Wednesday, August 1, 2018

Orion turns Seven

He knows every way to manipulate me. He knows how to pull on my heartstrings more than anyone else in the house. He is a fierce negotiator. He is easy going, social, happy, kind, and loves to laugh. He gives the best hugs. He genuinely misses me when I am gone for the day and greets me by yelling "DADA!" while running to me and throwing his arms around me when I walk through the door.

Orion is the baby of the family; our last born.  He is literally the icing on our family cake and we could not have asked for a better soul to finish off our quartet of boys. 

At seven, Orion is entering the 2nd grade. He will become an uncle in a couple months. He loves riding bikes, swimming, soccer, collecting rocks, loves surprises and gifts. He speaks Spanish beautifully and does well in math. He is creative and artistic and likes to draw and color. Orion is a bundle of energy and enjoys being tickled, wrestling, and relishes being chased around the house. 

Orion is the easiest to bribe out of our four boys. By this I mean, you can negotiate with him and if he perceives the deal to be favorable, he will approach a complete stranger and ask him/her for something in anticipation of earning his prize.
With all the boys, from a very young age, we have encouraged them to go ask for a napkin in a restaurant or ask for a refile of water or some other simple task designed as an exercise in social norms. Orion outperformed all his brothers in this area. He has no qualms about standing in line at a store and purchasing a book, toy, candy, or ice cream all on his own. He can be slightly on the shy side but will easily engage others or readily respond to others when approached.  He understands the value in social reciprocity. 
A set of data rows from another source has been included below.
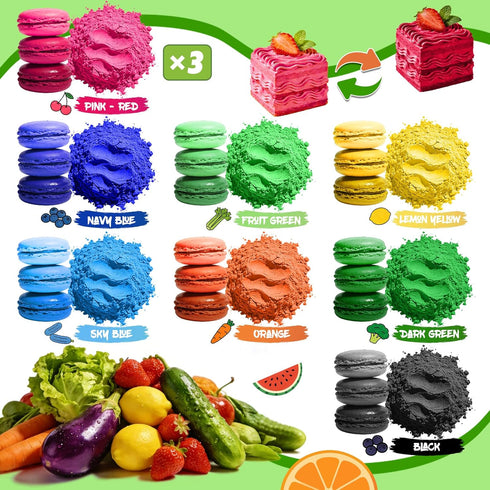 10 Natural Food Coloring Powder - Colors Plant Based Food Coloring, Dye Free Food Coloring, No Artificial Dyes, Natural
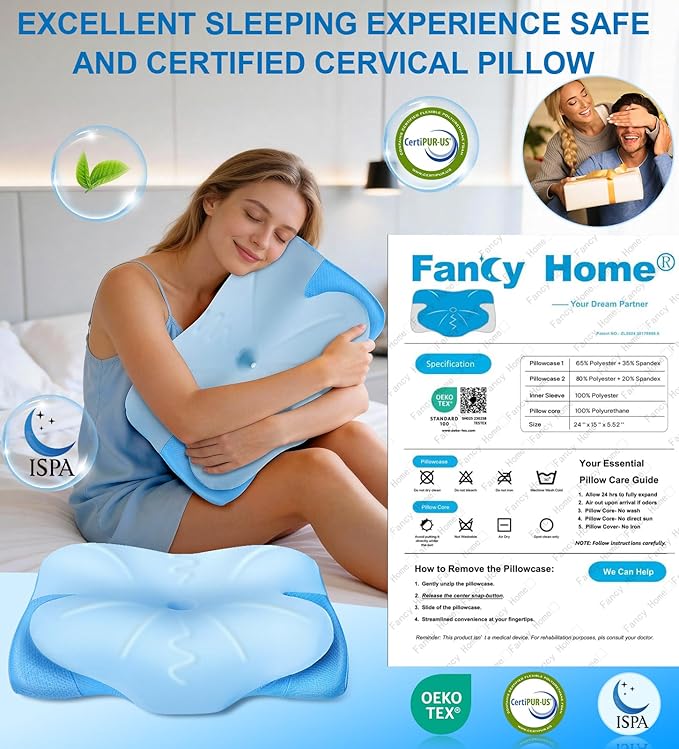 Cervical Neck Pillow for Sleeping, Ergonomic Side Sleeper Pillow for Neck Pain Relief, Adjustable Orthopedic Contour Cooling Mellow Cloud Align Pillows for Side/Back/Stomach Sleepers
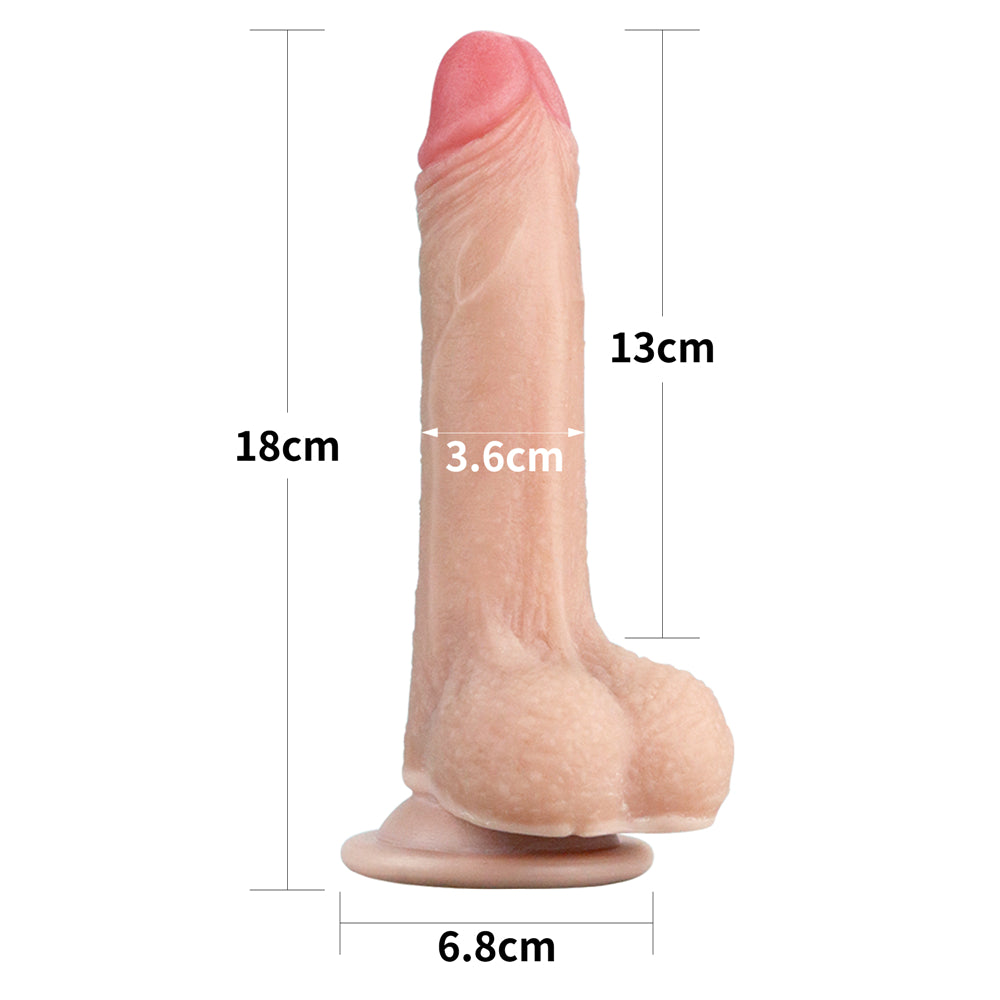 Lovetoy Sliding Skin Dual Layer Dildo 7 inch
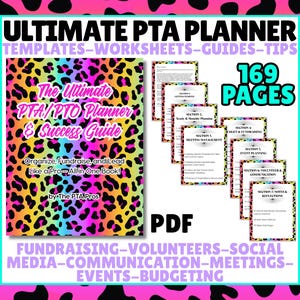 PTA PTO Planner: Meeting Agendas, Fundraiser & Volunteer Forms (169-Page Digital Download)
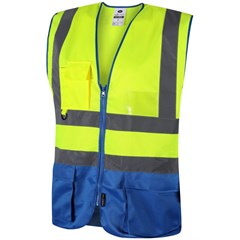 TWC06 - Traega Enhanced Visibility EXECUTIVE WAISTCOAT with Reflexr Hi Vis Tape EN20471- Yellow/Royal YE/RB - Image 3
                                                             Orion enjoys hearing stories about and looking at pictures of his early years. He laughs at his antics, often mistakes pictures of Apollo as a toddler for himself, and watches old video clips of himself with great interest. He is curious about where he was and what he was doing and who he was with. 
"How old am I in this picture dada?" he asked one day. 
"You were two and a half," He considers my answer and studies the picture intently. "Do you remember this?" I inquire.
"Nope," he begins, searching his memory, "I feel like I was born at three, because I don't remember anything until I was almost four."
Orion does not hold grudges. He easily forgives and loves freely. He is excepting and inclusive. He has charm and charisma. He has a heart of gold. I consider myself lucky to be his father.

 To an amazing son; you bring endless amounts of joy and fun to my life. You keep me young. You keep my honest. You teach me patience and show my how to love unconditionally. I am thankful beyond measure to call you my son.  Happy seventh birthday!! ~  I Love you!